Schneider Electric’s approach to energy IoT platforms takes a similar track when it comes to external integration requirements.
External Integration is critical too: Shishani: “If you cannot integrate with other systems and other ecosystems … then you’re really not providing an infrastructure with the utmost value,” said Shishani. “At the end of the day the customer expectation is that they’re pursuing a single pane of glass that they can see all of that information in a simplified way.”
Still, a lack of well-established standards and protocols can hinder integration efforts. “I think this is one of the many challenges for any project,” wrote Logic Energy’s Estelles.
Human Factors Related to Energy IoT Platforms
Another issue that has created a sense of urgency among some prospective energy IoT platform customers is more cultural than technical. It’s an issue that primarily affects utilities that are in the process of transitioning or already transitioned from legacy operations to IoT-based digital infrastructures.
Many of the utility employees who have themselves experienced the transition are retiring and being replaced by digitally aware yet legacy-challenged younger personnel.

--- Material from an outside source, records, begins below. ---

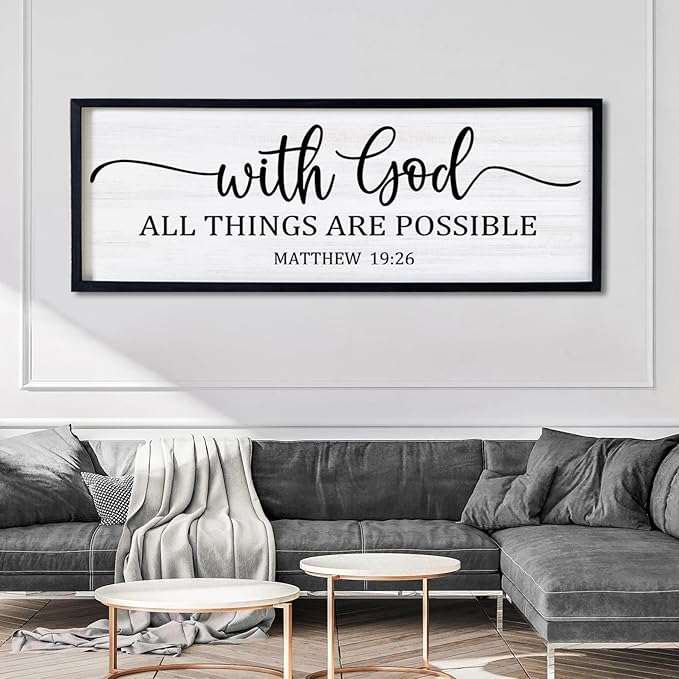 With God All Things are Possible Framed Wall Art, 40''×15'' Black Positive Religious Rustic Bible Verse for Christian God Jesus Christ Prayer, Holy Horizontal Inspirational Catholic Scripture Decor-Ruum Studio Home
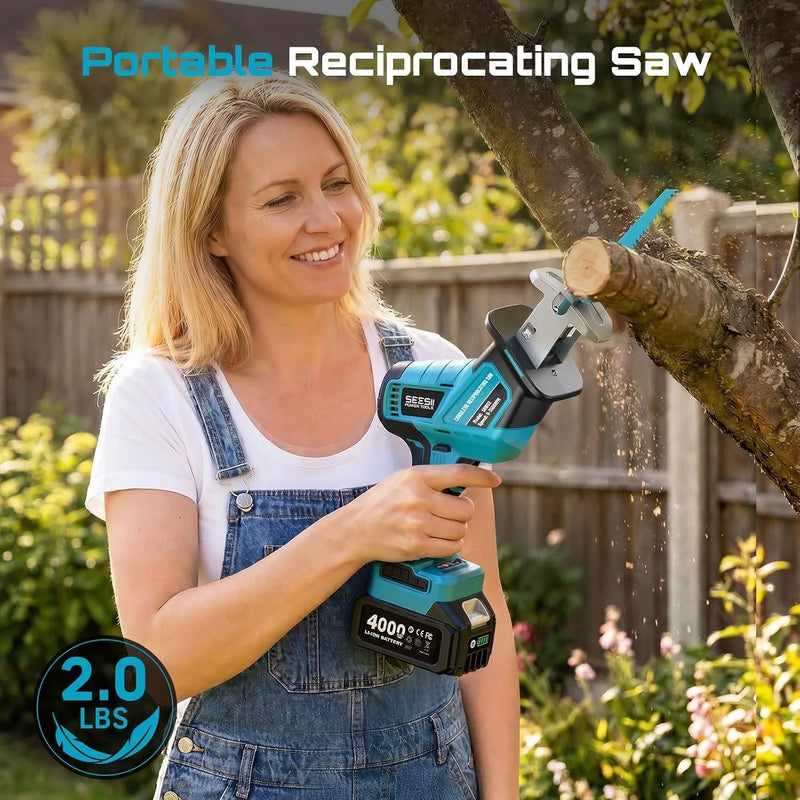 SEESII Reciprocating Saw Cordless Cutting Variable Speed 3500 RPM Brushless Motor with 6 Blades Portable - View 3 | SAMAG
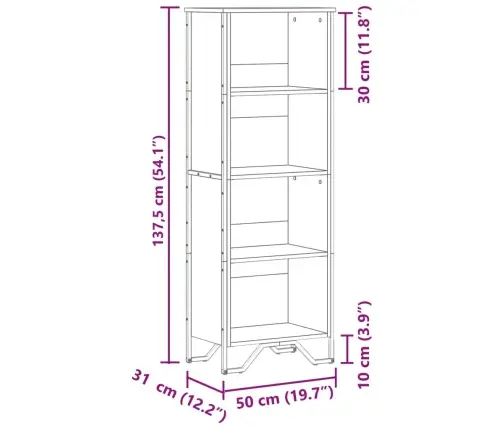 Knygų Spinta, Pilka Ąžuolo, 50X31X137,5cm Apdirbta Mediena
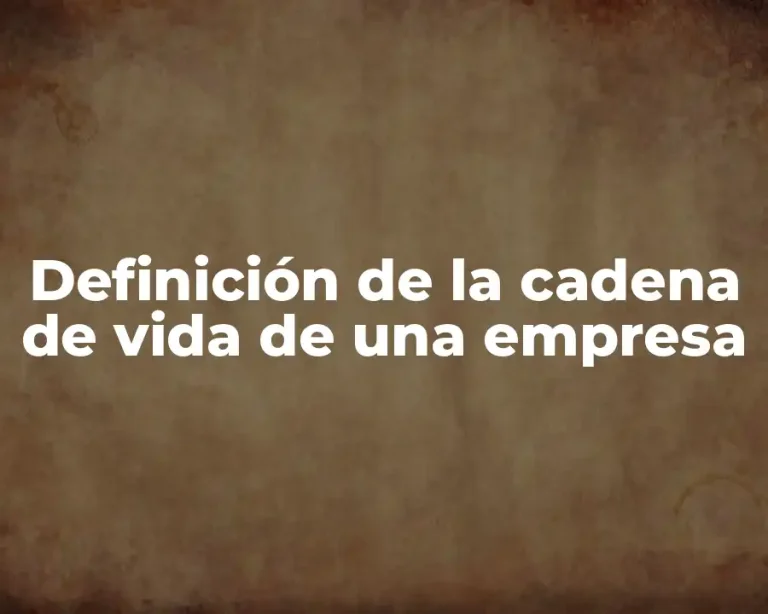 Definición de la cadena de vida de una empresa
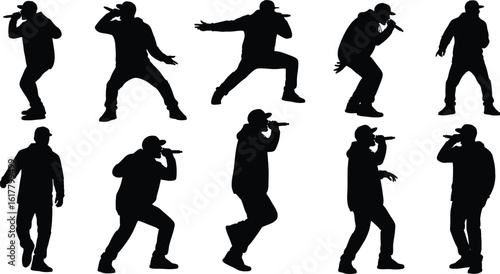 Silhouettes set of singers with microphones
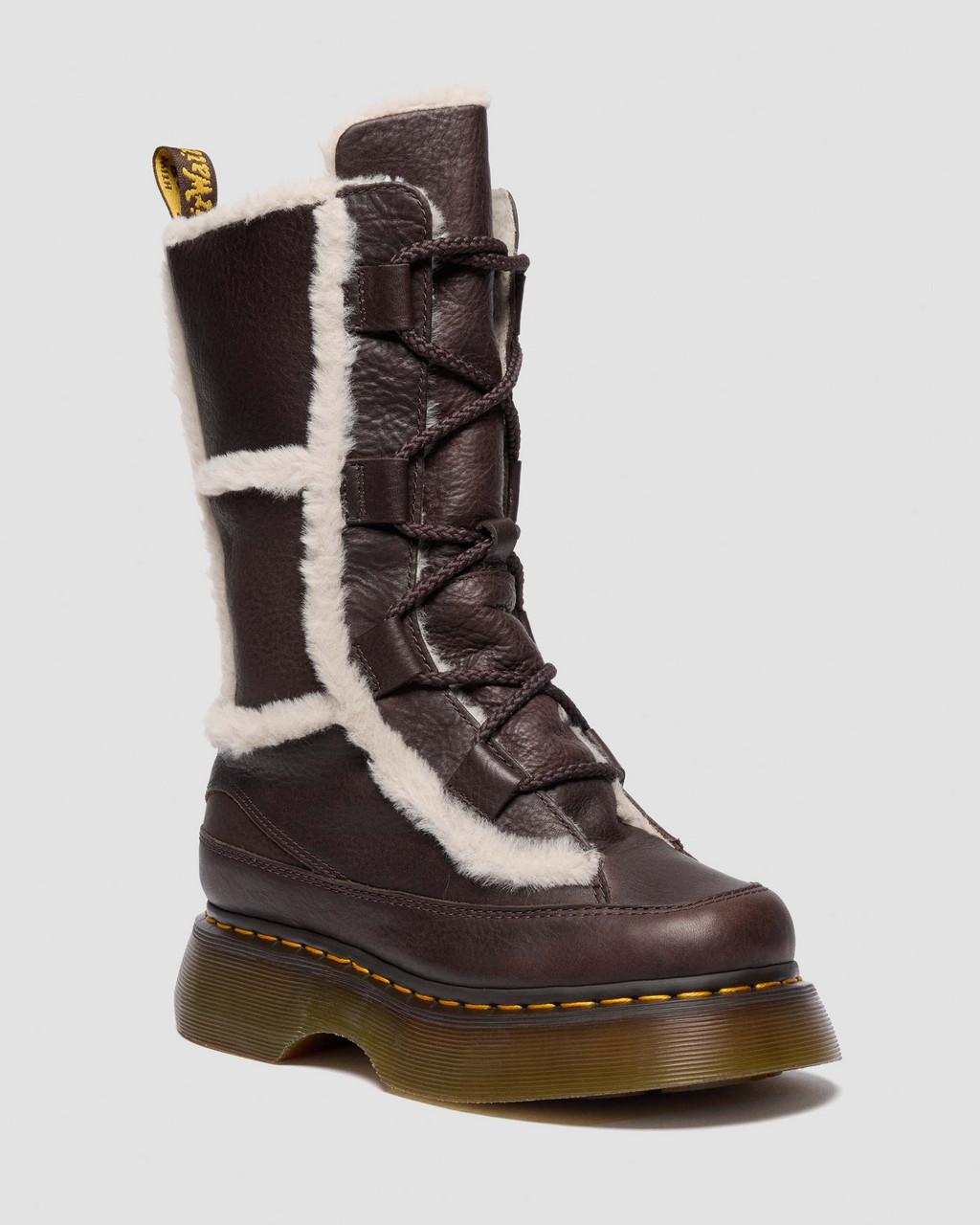 Buzz Lace Up Faux Fur Lined Grizzly Leather Boots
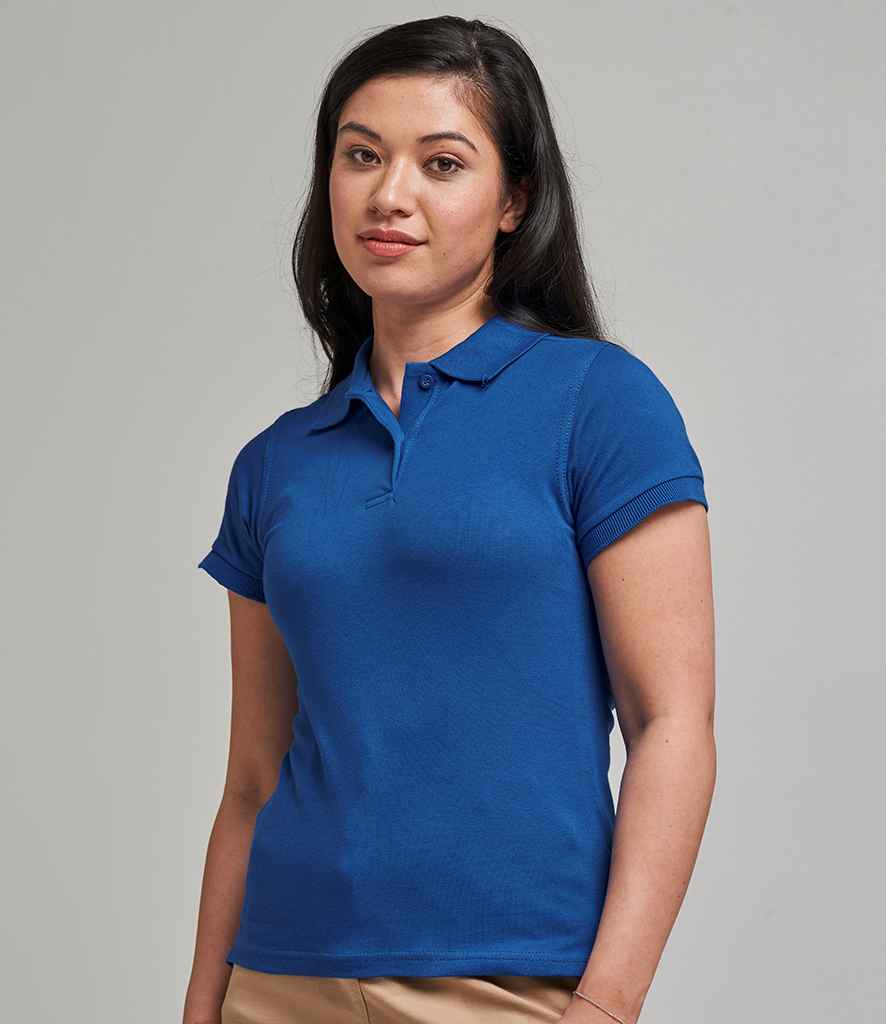 AWDis Ladies Stretch Pique Polo Shirt in Royal Blue by Just Polos — Custom branded clothing by Print Press, featuring premium embroidery produced in our specialist print lab in the UK.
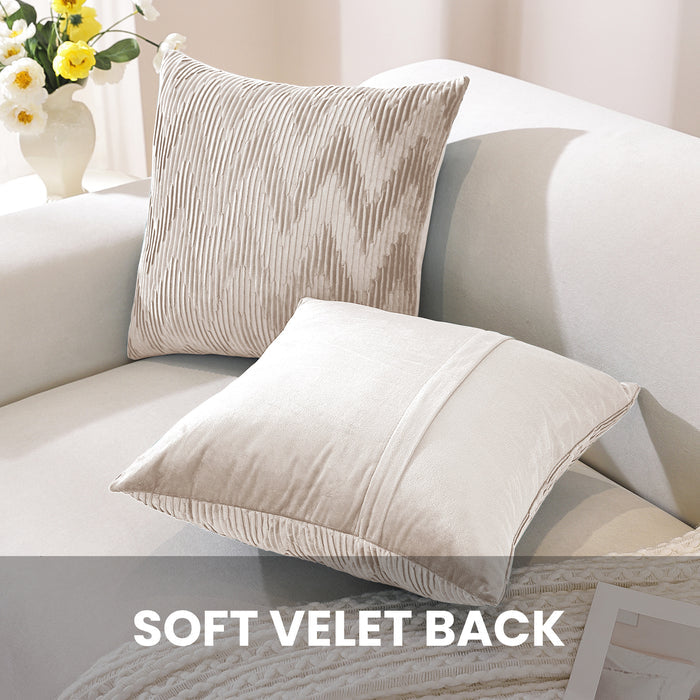 Ystyle 2 Pieces Velvet Cushion Covers 60x60 W-Shape Design-YSTYLE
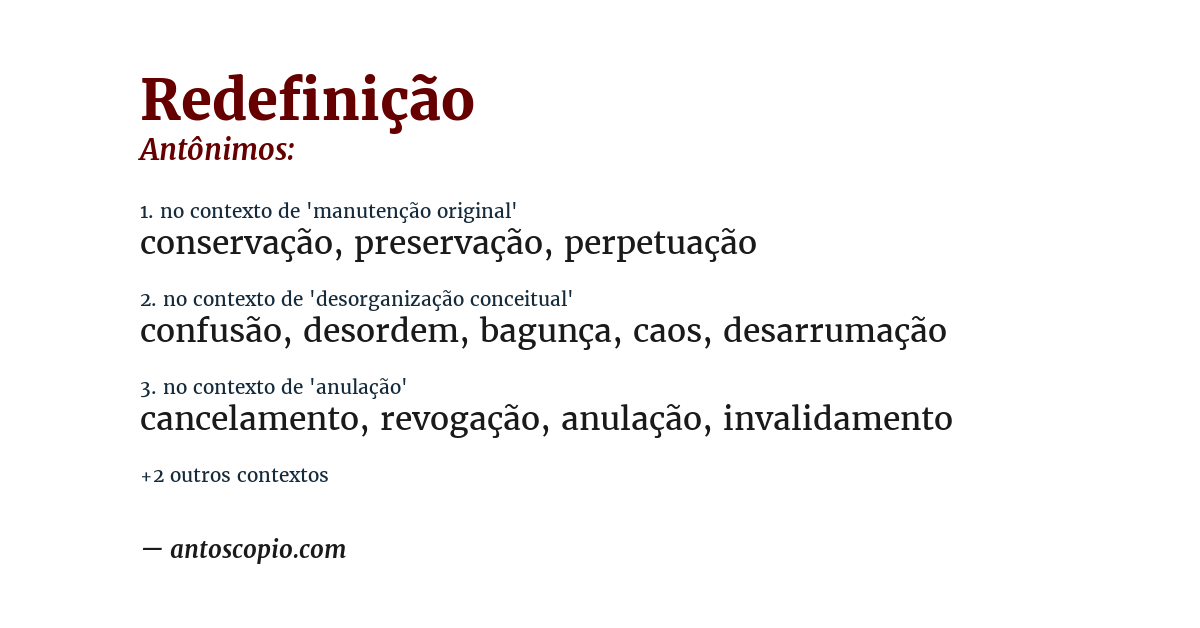 Antônimo de redefinição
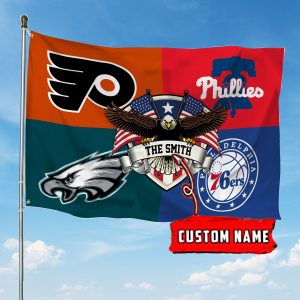 Philadelphia Flyers 76ers Phillies Eagles Proud Of State Personalized Flag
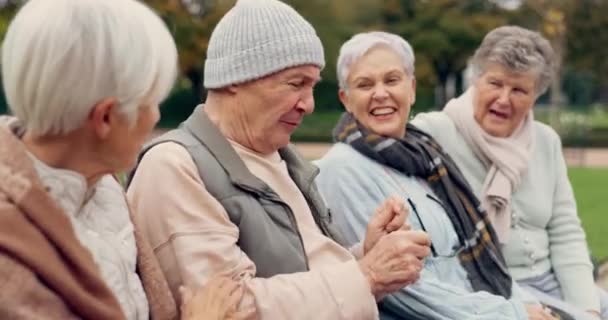 公園の友人 話す人 そして上級の人々は アウトドアで一緒にボンディング 質の高い時間を過ごしました 自然の中でリラックスするためのベンチで退職中の友情 幸せで高齢者と女性 — ストック動画
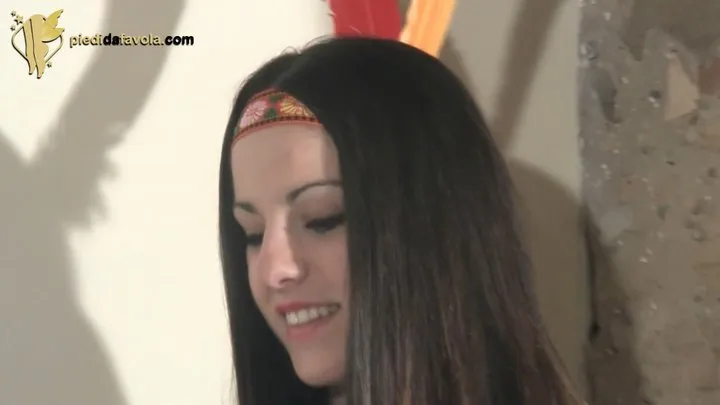 Sexy Bianca in Indians costume enjoys teasing with her bare feet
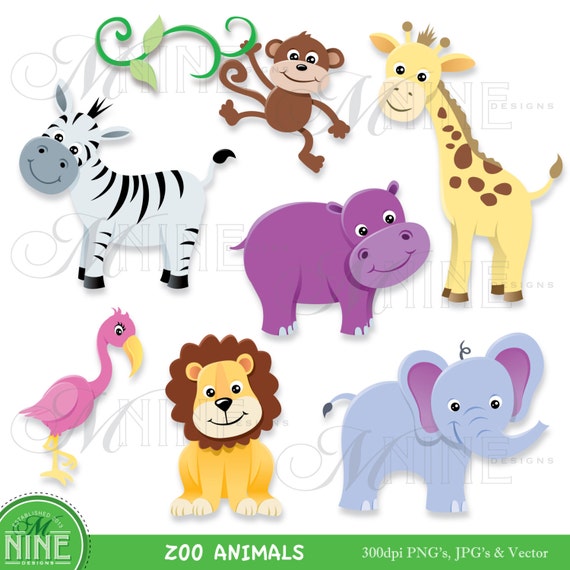 cute zoo animals clipart-#47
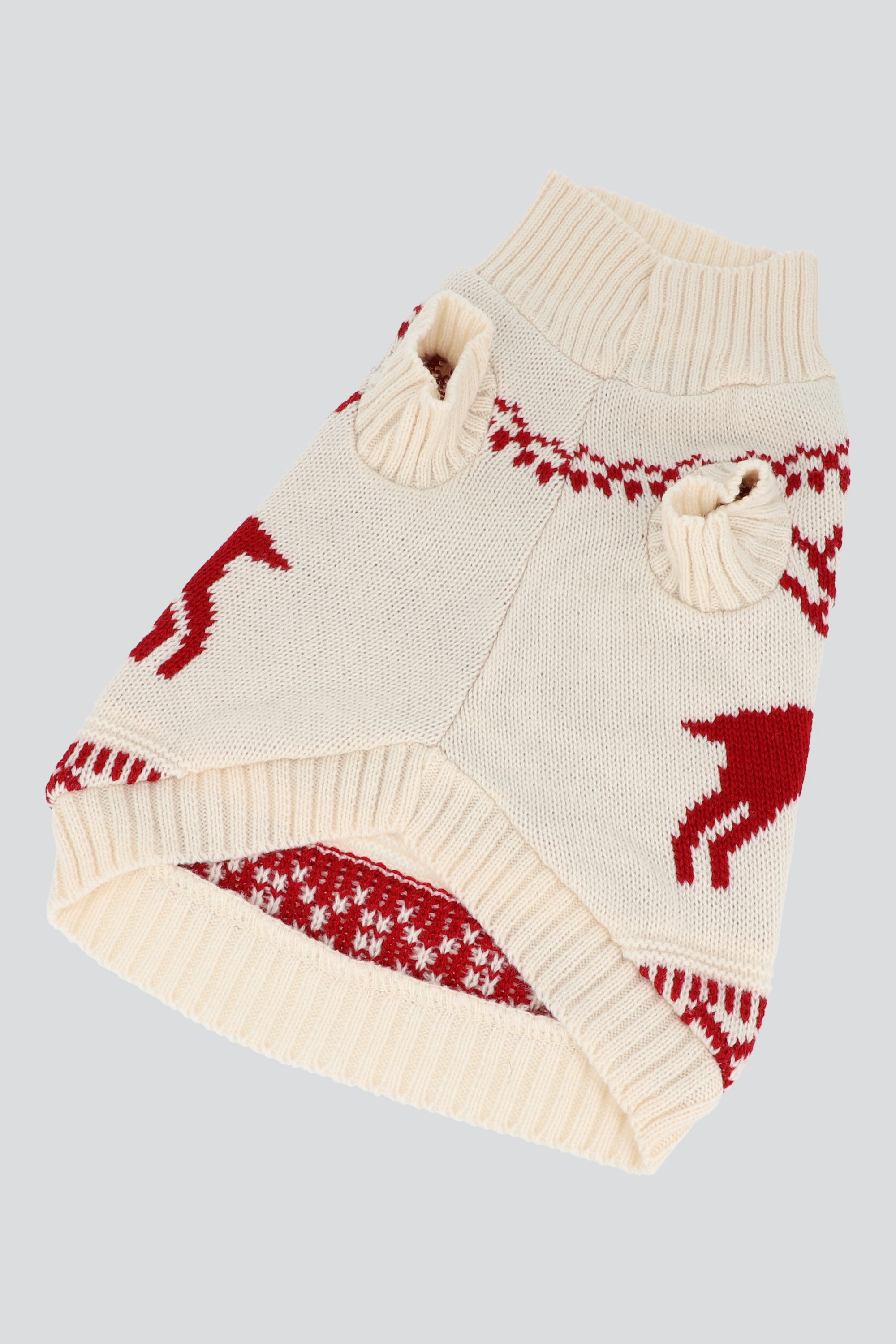 Sueter mascota renos espejo BEIGE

“Number one is the exiting workforce,“ noted Shishani when ticking off reasons for companies to accelerate their move to energy IoT platforms. “The platform IoT – digitization of infrastructure – is helping to alleviate the pain of [losing] that expertise because now you can rely on data, and the way you manage data you can learn from data.”
Saunders also cites the transitioning workforce as motivation for platform shoppers as they seek remedies for the loss of knowledgeable veterans paired with the influx of new employees.
“The question is how do we provide tools and ways to support that transition,” said Saunders. One IBM initiative is called augmented collaboration. “This takes AR and smart devices, and having subject matter experts listed as available on particular asset classes.” A less experienced worker in the field can contact an expert who can use AR to view the situation and make appropriate recommendations.